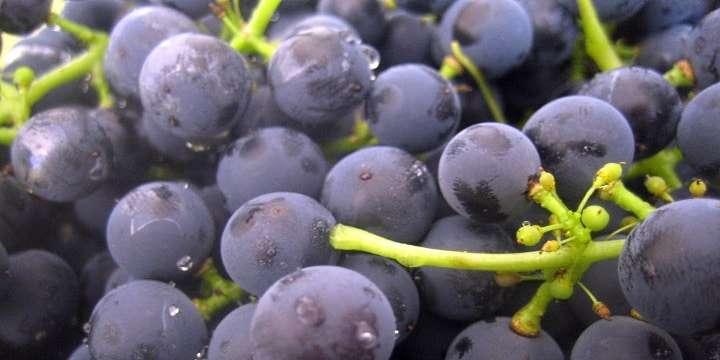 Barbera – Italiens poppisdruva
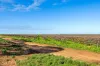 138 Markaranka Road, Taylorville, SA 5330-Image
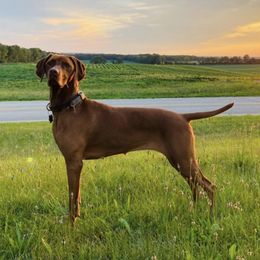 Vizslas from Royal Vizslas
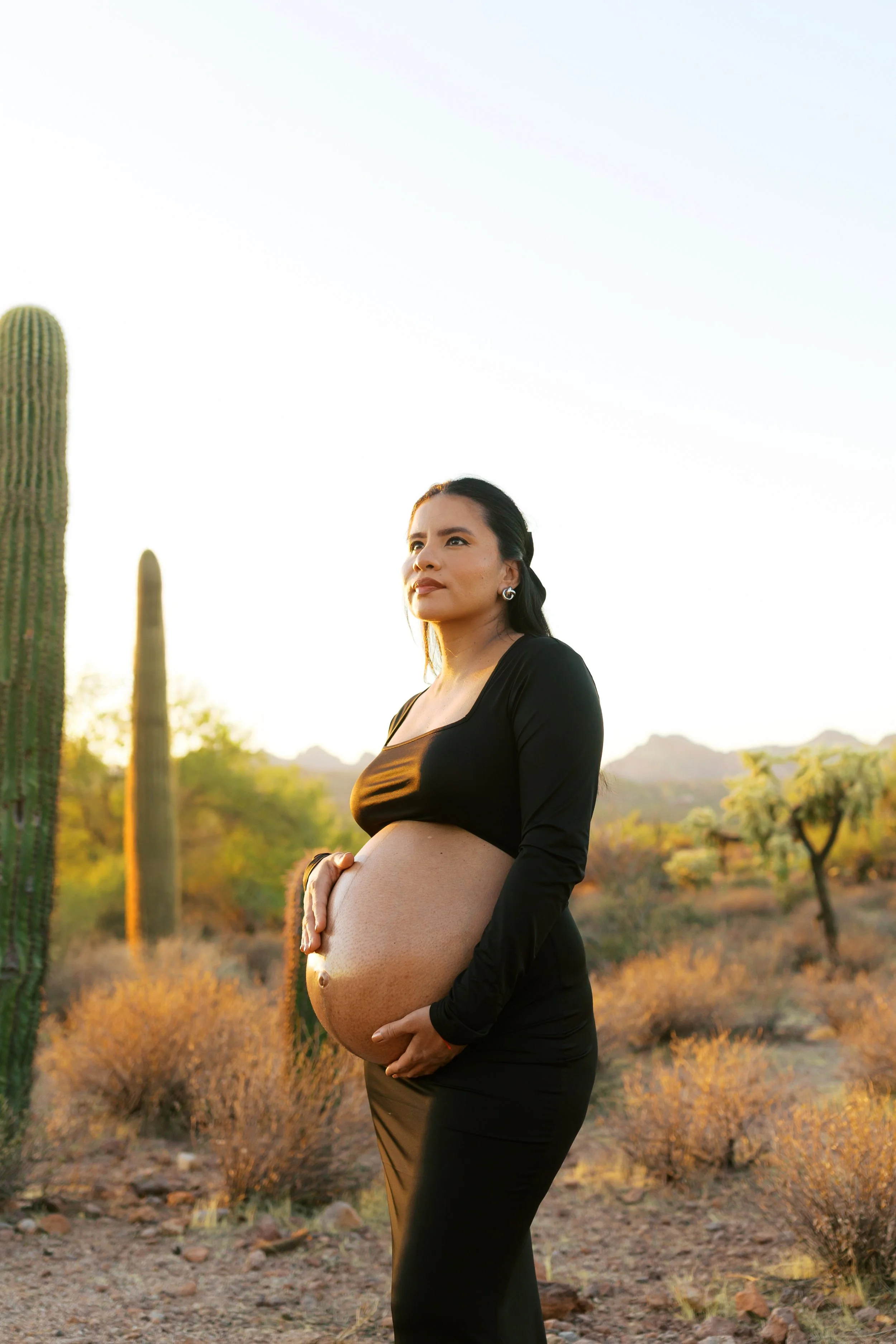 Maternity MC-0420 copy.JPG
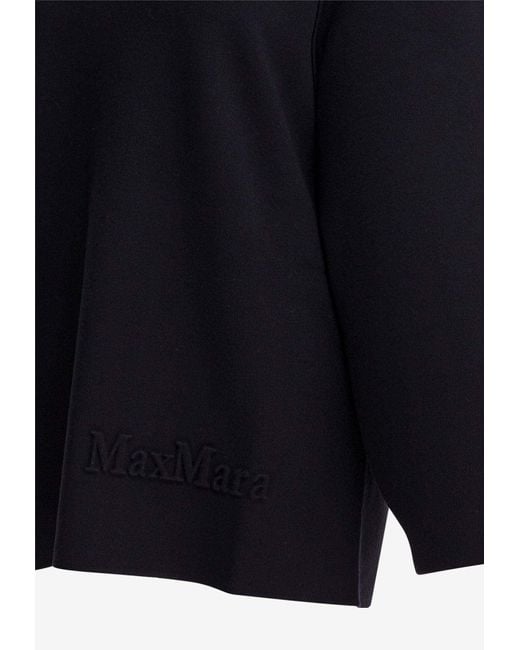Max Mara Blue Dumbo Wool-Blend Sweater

---

• ASSIGNED TASK: Your task is to set down exactly the lines that run from the line holding "138 Markaranka Road, Taylorville, SA" through the close of the entries, including both ends. Pictures stay out.

• WRITTEN SOLUTION:
 138 Markaranka Road, Taylorville, SA 5330-Image
 Vizslas from Royal Vizslas
 Maternity MC-0420 copy.JPG
Max Mara Blue Dumbo Wool-Blend Sweater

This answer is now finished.